Plenair Dittrich bij voortzetting behandeling Opneming bepalingen correctief referendum in Grondwet



Verslag van de vergadering van 19 januari 2021 (2020/2021 nr. 20)

Status: gecorrigeerd

Aanvang: 21.21 uur


Bekijk de video van deze spreekbeurt

De heer Dittrich i (D66):

Dank u wel, voorzitter. Allereerst een woord van dank aan de heer Van Raak, de initiatiefnemer, voor zijn toch wel enthousiaste verdediging van dit voorstel, binnen de grenzen van de mogelijkheden die daarvoor zijn geschapen door amendementen uit de Tweede Kamer. Ook dank aan de minister voor haar beantwoording. Gelukwensen aan de heer Raven van de OSF namens de fractie van D66, en veel succes hier in de Eerste Kamer.

De kern van deze behandeling was toch echt de uitkomstdrempel en de problemen die die uitkomstdrempel veroorzaakt heeft. Door sommigen van de senatoren werd gezegd: het is onhaalbaar door de uitkomstdrempel, er zal nooit een referendum kunnen slagen. Ik heb zelf in mijn eerste termijn gezegd dat ook de fractie van D66 vindt dat die uitkomstdrempel heel erg hoog is, dat het moeilijk zal worden. Maar als het gelijktijdig gehouden gaat worden met Tweede Kamerverkiezingen dan zou het nog wel eens kunnen slagen, zo heel af en toe. Vanuit die praktijk die zich dan ontwikkelt, kan een soort hernieuwd enthousiasme ontstaan, waardoor bij nieuwe voorstellen om die uitkomstdrempel uit de Grondwet te halen of te verlagen daar wellicht een nieuwe meerderheid voor kan ontstaan. Of dat al meteen via de novelle is, zoals door GroenLinks en andere fracties naar voren gebracht, waag ik te betwijfelen. Ook dat is mijn eerste reactie. Ik denk dat het lastig voorstelbaar is dat in de Tweede Kamer opeens gezegd wordt: nou, gelezen de drie wetenschappers en gehoord het debat in de Eerste Kamer gaan we het helemaal anders doen, we gaan die uitkomstdrempel eruit halen of wat dan ook.

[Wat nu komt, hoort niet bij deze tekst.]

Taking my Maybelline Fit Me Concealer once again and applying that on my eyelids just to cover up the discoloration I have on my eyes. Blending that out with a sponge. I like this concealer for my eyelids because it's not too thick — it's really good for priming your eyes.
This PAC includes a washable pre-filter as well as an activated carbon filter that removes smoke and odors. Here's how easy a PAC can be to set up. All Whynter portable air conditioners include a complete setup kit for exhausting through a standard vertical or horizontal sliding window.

Ik denk dat dat niet echt voor de hand ligt. Maar wie weet.

In dit debat zijn we verrast door een creatief voorstel van de heer Kox over de splitsing en artikel 137 van de Grondwet. Ik wil de feestvreugde niet bederven, maar als ik zo luister naar wat de fractie van de ChristenUnie in deze Kamer heeft gezegd, maar ook in de Tweede Kamer, dat die hoge uitkomstdrempel toch echt een essentiële voorwaarde is om voor het wetsvoorstel te kunnen stemmen, denk ik dat dat best moeilijk zal worden. Maar ik vind het wel creatief. Laten we de brief van de minister afwachten, en dan kunnen we daar volgende week in ons stemgedrag iets over laten weten.

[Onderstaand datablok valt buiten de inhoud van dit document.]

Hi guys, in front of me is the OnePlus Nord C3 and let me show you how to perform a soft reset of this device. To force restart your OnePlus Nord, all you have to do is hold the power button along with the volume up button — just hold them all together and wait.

Dan zou ik nog willen zeggen dat een van de vorige presidenten van de Verenigde Staten, Lyndon B. Johnson, op de vraag wat de kern van de politiek is iets antwoordde in de trant van: dat je goed moet rekenen. Dat is toch iets wat steeds in dit debat, in deze Kamer en in de Tweede Kamer, naar voren is gekomen; willen we een correctief wetgevingsreferendum kunnen invoeren, dan hebben we een tweederdemeerderheid nodig in beide Kamers. Dat is toch wel echt heel erg belangrijk. Als ik kijk naar de fracties die in de Tweede Kamer voor het wetsvoorstel hebben gestemd, zie ik dat die fracties een tweederdemeerderheid in de Eerste Kamer vormen. Dus dat is interessant. De samenstelling van de Eerste Kamer verandert niet, maar die van de Tweede Kamer natuurlijk wel. Dan moeten wel al die fracties die in de Tweede Kamer voor het wetsvoorstel hebben gestemd, in de Eerste Kamer ook voorstemmen. En dan hebben we een correctief wetgevingsreferendum, wat we nog nooit gehad hebben. Het is ons nooit gelukt. Ik zou dat toch als een soort wenkend perspectief willen zien.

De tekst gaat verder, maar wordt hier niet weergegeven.